For the lazy rest to put it simply physical memory is split into fixed size blocks which are called Memory Pages and depending on the computer architecture and operating system can be 2kb 4kb 16kb 32kb or even 4mb in size. Anytime we request memory from operating system using some syscall it’s best to have the size divisible by the actual operating operating system’s Memory Page size. If used simply this tends to waste a lot of memory so hence we need a way to be more efficient with our requests and also we need to think of a way to recycle the memory requested before which isn’t already needed by the application. All this opens a new area for exploration which is called Memory Allocation Algorithms and is quite a hot topic because not only we need to manage the recycling complexity but also concurrency and parallelism of the actual algorithms to be more efficient with modern multi-processor computers. Some notable examples of algorithm that do that and are used in real world are Doug Lea’s malloc, TLSF and jemalloc, also there are much more out there. In order to explore some basic ideas about memory allocators we’ll write the simplest algorithm commonly called power of 2. The essential idea behind it is to split blocks of memory into sizes divisible by 2 such as 32, 64, 128 and etc. By doing so we could reuse already used blocks by breaking them into more smaller onces. For example 128 block can be broken into 2 blocks of 64 and each of them can also further be broken to 32 sized blocks.

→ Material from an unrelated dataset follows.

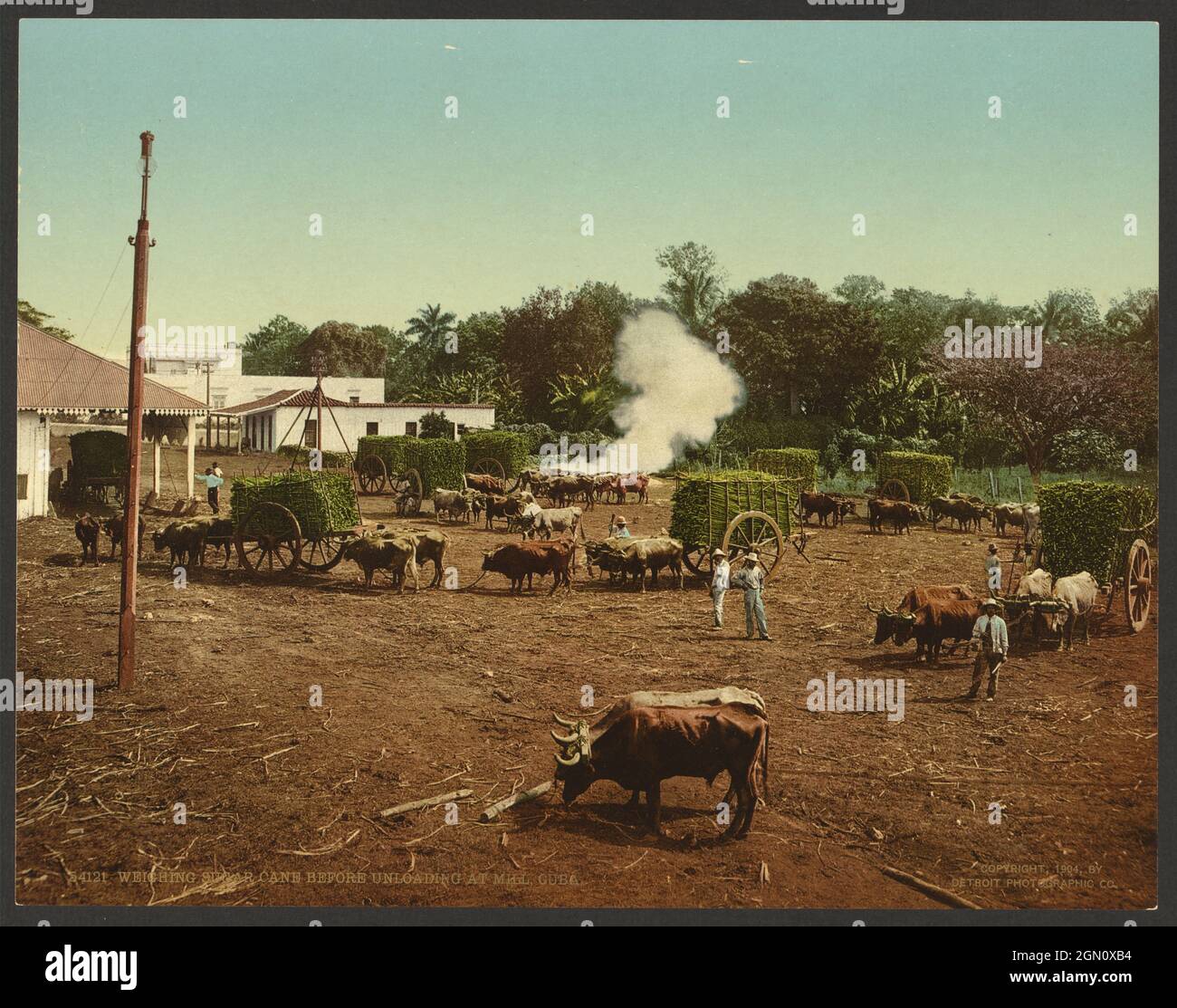 Wiegen von Zuckerrohr vor dem Entladen in einer Mühle in Kuba c. 1904 Stockfoto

In general this tends to waste a lot of memory and introduces memory fragmentation. In worst case scenario half of all requested memory is wasted but usually in real world cases the actual number is near 25%. The memory wasting cost has computing performance gain as the algorithm itself is not hard to implement and works faster than more complex but conservative ones. Hence we are going to write a simple memory allocator also commonly called malloc since this is the library function name used by standard C library for allocating dynamic memory of variable size for the application process. We are going to implement our version of that function and related functions. Our target platform will be Linux and gcc compiler since we aren’t going to bother with portability as this will take much more time and effort. Final version of source code can be browsed in mymalloc repo but I strongly encourage you to write the whole thing from scratch yourself just to better understand the actual processes under the hood.

First let’s start with function definitions that we need to reimplement. Create a file called mymalloc.h. We’ll also define some functions for debug/stats purposes as those will be helpful during development process. Note: all this functions are defined by glibc in linux so gcc will complain about them being redefined during compilation but you can ignore those messages.

void* calloc(size_t nmemb, size_t size);
void* malloc(size_t s);
void* realloc(void* p, size_t ns);
void free(void* p);
// for debug use only
void print_block_info(void* p);
void print_freelist();

Now let’s create a file called mymalloc.c and define the actual functions. We’ll start with some initial values which are provided by operating system. The defined values are self explaining however I need to clarify the choice with 32 bytes for minimum block size. Since we’ll manage memory blocks as doubly linked list nodes, each memory block needs to have space for at least two pointers and one size value which can’t be more than the pointer size so that’s 3 pointers for each node. Maximum size for 3 pointers for 64-bit operating system is 8 bytes so it’s overall 24 bytes however block size needs to be power of 2 value and nearest size is 2⁵ hence 32.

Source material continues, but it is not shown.